Does this translate into good empirical performance? The paper provides the convergence curves for a synthetic example that is close to the previous example (with $\mathcal{F} = [-1, 1]$, the optimal solution being $x=-1$):

Synthetic example

Convergence curves


This example shows that AMSGrad works on the synthetic example where Adam fails to converge to the true solution, which is always a good sign, since it was why it was designed in the first place. But what about standard convergence benchmarks on more interesting problems, like logistic regression or neural networks? Reddi et al. provide graphics that claim for AMSGrad equal or better performance compared to Adam for logistic regression, feed-forward neural net (1 hidden layer) on MNIST, and CIFARNET. However, in an independent implementation by Filip Korzeniowski tested in various settings (you should definitely check his post for extensive details and comparisons), the experiments do not support any claim of practical difference between Adam and AMSGrad. We show below the validation accuracy (what we care about in the end) he gets for both algorithm on CIFAR-10.

Comparison

Validation accuracy on CIFAR-10 (VGG-16).
Adam in blue, AMSGrad in red.



Does it matter?

In my opinion, it is pretty clear that the main interest of the paper lies in pointing out the flaw in Adam’s proof, and how it affects the convergence behavior in some cases. AMSGrad sounded somewhat more like a hotfix than a real replacement, providing a sounder algorithm while maintaining Adam’s good performance. AMSGrad will not change the course of stochastic optimization’s (nor deep learning’s) history, may it even come to someday replace Adam in practice. In the end, it doesn’t even matter (that much) ; a true “breakthrough” replacement is yet to come.

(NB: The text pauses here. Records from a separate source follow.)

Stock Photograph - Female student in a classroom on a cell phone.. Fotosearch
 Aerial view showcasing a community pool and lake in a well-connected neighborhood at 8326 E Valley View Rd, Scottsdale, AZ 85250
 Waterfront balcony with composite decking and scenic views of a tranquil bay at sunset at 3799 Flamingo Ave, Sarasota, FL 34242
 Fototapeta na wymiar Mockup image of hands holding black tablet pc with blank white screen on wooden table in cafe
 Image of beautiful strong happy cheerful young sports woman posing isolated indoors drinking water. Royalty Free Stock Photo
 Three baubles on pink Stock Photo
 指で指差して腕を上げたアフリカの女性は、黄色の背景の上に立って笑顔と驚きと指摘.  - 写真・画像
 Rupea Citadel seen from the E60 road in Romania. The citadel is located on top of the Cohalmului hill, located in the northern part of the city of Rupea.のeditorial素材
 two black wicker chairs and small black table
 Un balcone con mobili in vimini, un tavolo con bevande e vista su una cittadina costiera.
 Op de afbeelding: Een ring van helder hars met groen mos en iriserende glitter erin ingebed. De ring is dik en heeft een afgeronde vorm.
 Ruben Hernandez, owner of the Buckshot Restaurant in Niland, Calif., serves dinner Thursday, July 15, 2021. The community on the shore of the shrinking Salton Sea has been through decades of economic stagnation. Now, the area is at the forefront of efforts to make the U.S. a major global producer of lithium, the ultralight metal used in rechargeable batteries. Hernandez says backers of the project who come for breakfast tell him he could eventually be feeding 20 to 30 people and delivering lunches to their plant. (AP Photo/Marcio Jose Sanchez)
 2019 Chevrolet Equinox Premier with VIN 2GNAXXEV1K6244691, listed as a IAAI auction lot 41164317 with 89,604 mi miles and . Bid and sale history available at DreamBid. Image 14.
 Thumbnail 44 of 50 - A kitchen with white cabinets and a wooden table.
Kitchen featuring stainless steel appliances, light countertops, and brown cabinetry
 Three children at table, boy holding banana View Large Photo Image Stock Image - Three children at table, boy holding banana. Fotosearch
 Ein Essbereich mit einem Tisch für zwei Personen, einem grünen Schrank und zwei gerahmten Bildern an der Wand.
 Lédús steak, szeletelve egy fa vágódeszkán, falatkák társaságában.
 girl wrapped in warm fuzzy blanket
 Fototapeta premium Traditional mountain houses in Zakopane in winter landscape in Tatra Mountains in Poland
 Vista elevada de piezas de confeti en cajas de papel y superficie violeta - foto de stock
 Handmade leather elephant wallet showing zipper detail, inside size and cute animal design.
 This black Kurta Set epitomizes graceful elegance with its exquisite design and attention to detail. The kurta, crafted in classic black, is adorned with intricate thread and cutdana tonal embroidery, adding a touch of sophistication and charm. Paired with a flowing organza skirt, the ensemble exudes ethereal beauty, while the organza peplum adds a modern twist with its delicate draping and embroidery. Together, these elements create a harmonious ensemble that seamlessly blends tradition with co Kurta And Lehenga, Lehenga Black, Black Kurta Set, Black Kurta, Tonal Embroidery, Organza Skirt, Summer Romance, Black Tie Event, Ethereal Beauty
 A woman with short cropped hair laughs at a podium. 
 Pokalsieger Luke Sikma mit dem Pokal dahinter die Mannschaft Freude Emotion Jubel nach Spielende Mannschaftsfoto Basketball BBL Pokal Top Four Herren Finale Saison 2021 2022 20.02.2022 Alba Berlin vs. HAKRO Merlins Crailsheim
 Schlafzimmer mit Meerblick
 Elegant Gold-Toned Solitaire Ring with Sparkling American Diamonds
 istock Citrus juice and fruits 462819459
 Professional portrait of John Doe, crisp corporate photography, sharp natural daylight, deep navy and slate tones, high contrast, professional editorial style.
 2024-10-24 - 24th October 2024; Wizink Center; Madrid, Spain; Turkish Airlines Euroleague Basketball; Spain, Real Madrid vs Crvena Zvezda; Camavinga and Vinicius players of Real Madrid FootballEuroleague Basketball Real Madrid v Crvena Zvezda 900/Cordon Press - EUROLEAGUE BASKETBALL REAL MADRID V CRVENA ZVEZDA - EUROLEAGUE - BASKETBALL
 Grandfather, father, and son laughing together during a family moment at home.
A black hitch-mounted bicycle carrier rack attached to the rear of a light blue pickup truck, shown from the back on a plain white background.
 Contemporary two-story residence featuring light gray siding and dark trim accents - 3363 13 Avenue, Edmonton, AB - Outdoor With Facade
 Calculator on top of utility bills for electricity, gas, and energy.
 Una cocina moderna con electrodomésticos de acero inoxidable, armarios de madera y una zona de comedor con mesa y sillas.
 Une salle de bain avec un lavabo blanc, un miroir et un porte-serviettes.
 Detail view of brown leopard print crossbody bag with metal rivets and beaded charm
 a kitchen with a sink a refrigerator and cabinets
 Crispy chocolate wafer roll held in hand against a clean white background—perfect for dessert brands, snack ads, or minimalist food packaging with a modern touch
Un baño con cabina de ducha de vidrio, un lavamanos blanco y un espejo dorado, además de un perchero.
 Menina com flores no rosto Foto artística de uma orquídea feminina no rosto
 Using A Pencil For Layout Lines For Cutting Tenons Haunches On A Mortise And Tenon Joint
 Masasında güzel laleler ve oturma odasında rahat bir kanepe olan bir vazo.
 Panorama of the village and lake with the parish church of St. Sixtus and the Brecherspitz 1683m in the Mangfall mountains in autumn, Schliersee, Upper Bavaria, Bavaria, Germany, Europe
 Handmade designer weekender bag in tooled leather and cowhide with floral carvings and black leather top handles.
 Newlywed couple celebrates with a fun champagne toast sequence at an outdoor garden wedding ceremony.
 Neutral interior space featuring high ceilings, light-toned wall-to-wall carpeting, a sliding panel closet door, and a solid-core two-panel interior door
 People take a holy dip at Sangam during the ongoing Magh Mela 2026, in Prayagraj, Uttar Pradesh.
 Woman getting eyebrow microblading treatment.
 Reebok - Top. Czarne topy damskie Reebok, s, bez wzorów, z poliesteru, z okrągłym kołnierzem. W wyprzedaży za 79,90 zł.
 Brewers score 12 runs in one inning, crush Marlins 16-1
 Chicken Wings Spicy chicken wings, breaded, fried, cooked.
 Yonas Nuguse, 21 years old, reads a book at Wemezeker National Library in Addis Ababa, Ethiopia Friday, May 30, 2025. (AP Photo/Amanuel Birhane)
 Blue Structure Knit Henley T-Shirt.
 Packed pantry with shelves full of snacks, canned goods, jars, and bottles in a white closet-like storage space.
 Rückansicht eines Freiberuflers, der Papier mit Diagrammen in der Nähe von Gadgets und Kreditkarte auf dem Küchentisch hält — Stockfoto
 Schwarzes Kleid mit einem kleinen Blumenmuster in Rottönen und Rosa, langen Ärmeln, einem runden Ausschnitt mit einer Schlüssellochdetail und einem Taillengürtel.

What is more interesting is the meta-aspect of the proof-checking side of this paper. It seems very important to me that empirical observations of bad convergence behavior are finally backed up by theoretical justifications, in other words, that someone finally checked the maths. I find it actually surprising that despite its “reasonable” length of 4 pages, no one checked the proof and spotted this mistake, while in the meantime Adam got increasingly popular and widely used. Note that I barely ever read the proofs myself. I would tend to link this phenomenon to a deeper trend in the machine/deep learning community: people (and scientists are people too) get really excited about the results, the performance and the new opportunities brought by an exponentially growing field, and we just forget how to do good science along the way. The reproducibility crisis denounced by researchers like Joëlle Pineau (especially in reinforcement learning) is one example; the fact that everyone skips the proofs to go straight to the next exciting paper is another.